Aléssia

Capítulo V

POR ƉIANA ŘOCCO

Revisão: Carolina Bivard, Isie Lobo
Cartografia: N. Lobo
Mapa de Âmina

>>> V <<<

Na manhã seguinte, levantei decidida a comentar com meu pai a conversa que ouvi. Doía-me pensar em Mestre Renan como uma espécie de traidor. Minha admiração por ele estava à beira de um abismo. Que as sementes que plantei em Aléssia floresçam soava repetidamente nos meus ouvidos. Como um mau agouro ou uma maldição. Sentia-me usada, traída.

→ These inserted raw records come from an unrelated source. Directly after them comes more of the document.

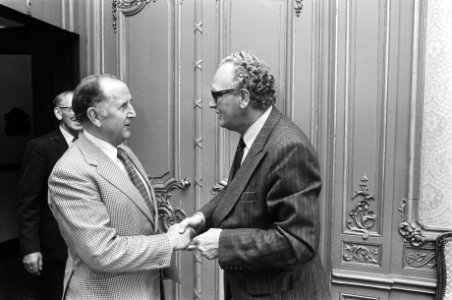 Informateur Van Kemenade met mr. Van Veen, voorzitter VNO, Bestanddeelnr 932-3263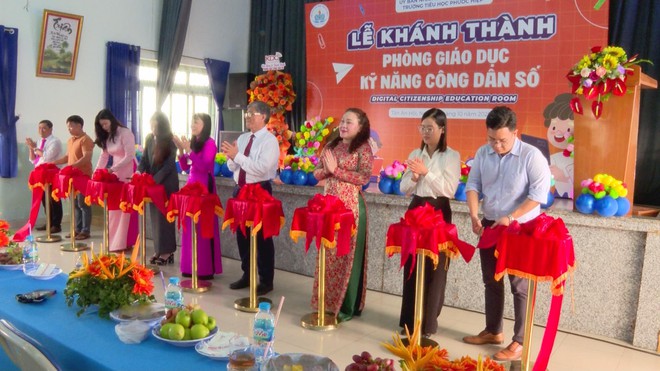 TP. Hồ Chí Minh đưa lớp học số về trường học ngoại thành - Ảnh 2.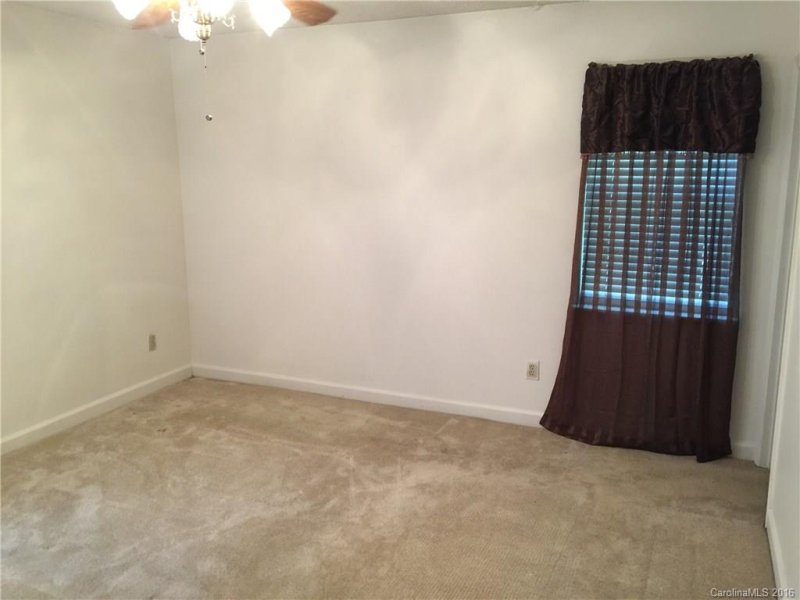 Property image 4 at 6627 Elgywood Lane, Charlotte, NC 28213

Meu ânimo estava bastante exaltado quando entrei no salão para o desjejum. Mas, por uma infeliz coincidência, Don Otto acompanhava meu pai em sua refeição matinal. Não era uma presença usual, o que me deixou ainda mais alerta. Calaram-se tão logo entrei e, enquanto ocupava meu lugar à mesa, fiz questão de lembrá-los que eu também participava do governo de nosso país.

— Não há porque se calarem em minha presença. Não sou mais sua pequena filha, meu pai. Sou conselheira do reino. Em poucos dias terei dezoito anos e legalmente estarei apta a assumir o governo. Preciso conhecer nossos problemas para saber resolvê-los quando chegar o momento.

Meu pai pigarreou levemente contrariado, mas respondeu com a voz mansa:

— Fico feliz em ver seu interesse nos assuntos de governo. Mas, mesmo não sendo mais uma criança, ainda não tem todos os conhecimentos para compreender certos detalhes administrativos. E mesmo que esteja às vésperas da idade legal de transmissão de poder, ainda não recebeu de mim os votos que lhe darão o direito de reivindicar o trono. Quando chegar o momento, você tomará conhecimento de tudo o que é preciso saber, mas por enquanto Sir Otto e eu temos assuntos reservados a tratar.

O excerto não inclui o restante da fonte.